• Supplied information:
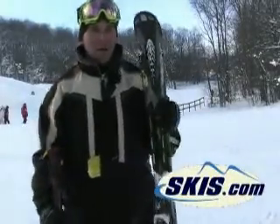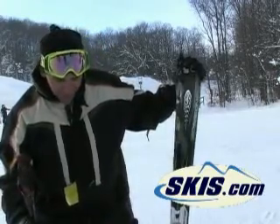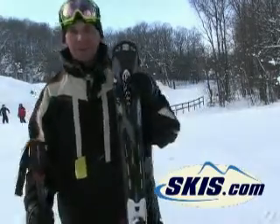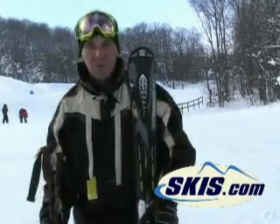This is Hans from skis.com. I just came down with the new Rossignol CNES 11 Mutex with adjustable arms. I skied them with the soft arms. It's a 70 millimeter underneath the foot.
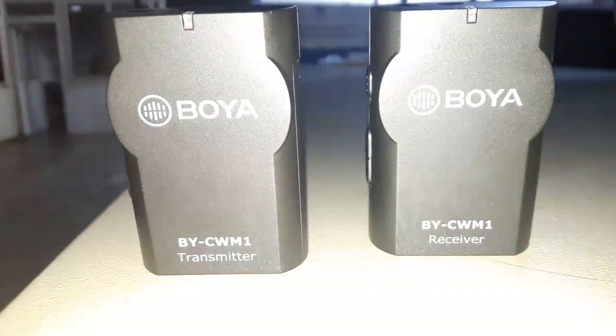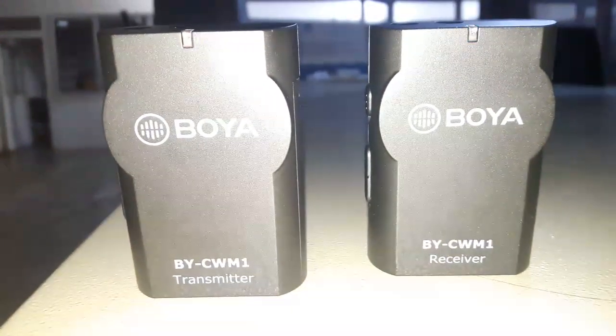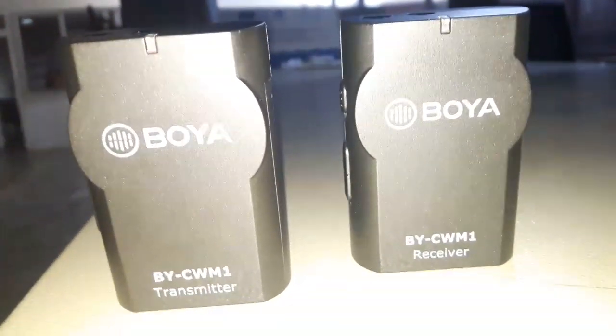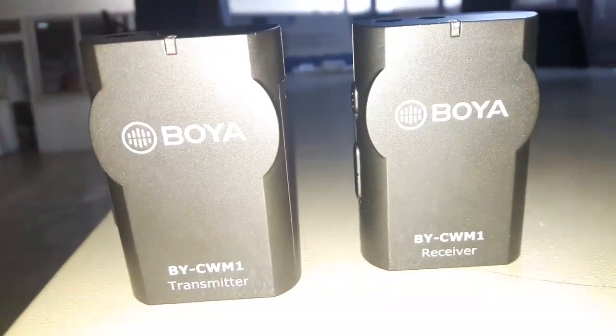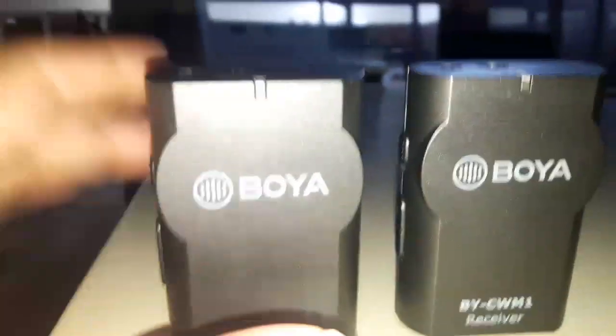Hello and welcome to my channel Superlinux. In this video we're going to see how far we can take the transmitter away from the receiver of this Booyah wireless microphone. These are the transmitter and receiver — we're going to see how far we can take them away from each other.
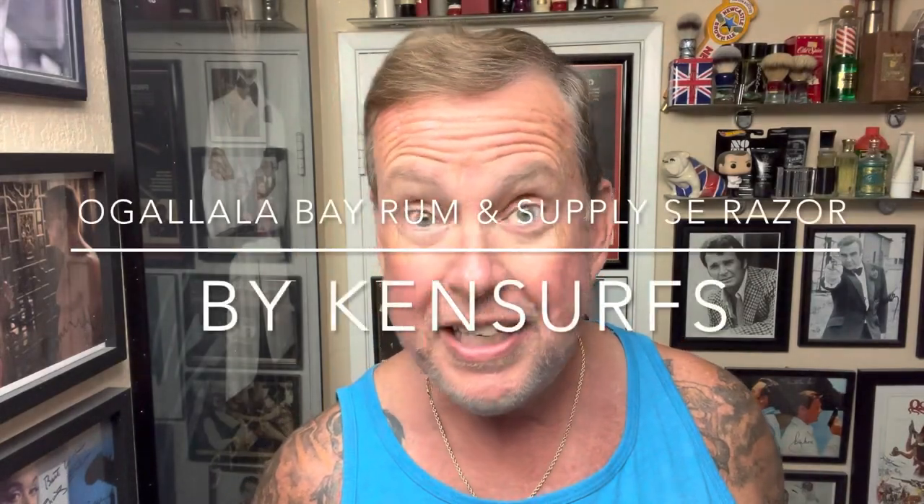Hey everyone, Ken Serfs here. We're in the Shave Den. It's Wednesday, lunchtime, time for another shave.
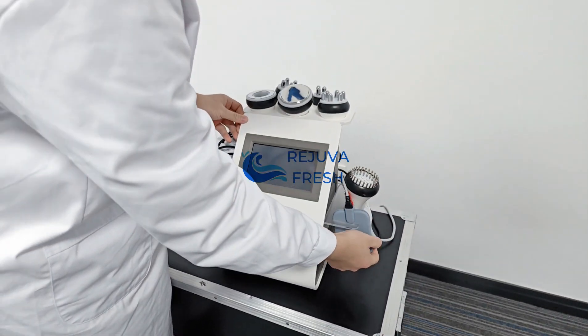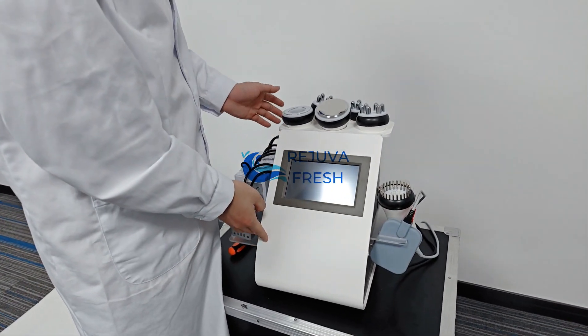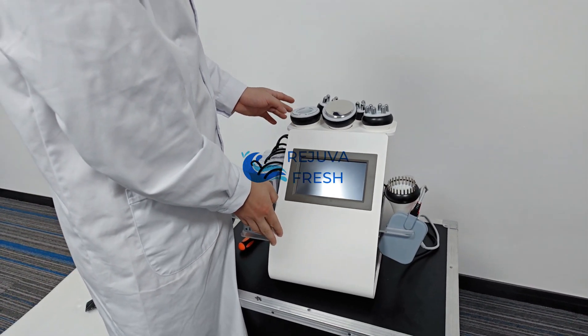And that's the whole installation video for the white handle 9-in-1 cavitation machine for toning and slimming.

• What is required:
Set down word for word each line from the one containing "Hey everyone, Ken" through the end of the material, and keep the pictures out of it.

• Exercise response:
Hey everyone, Ken Serfs here. We're in the Shave Den. It's Wednesday, lunchtime, time for another shave.
And that's the whole installation video for the white handle 9-in-1 cavitation machine for toning and slimming.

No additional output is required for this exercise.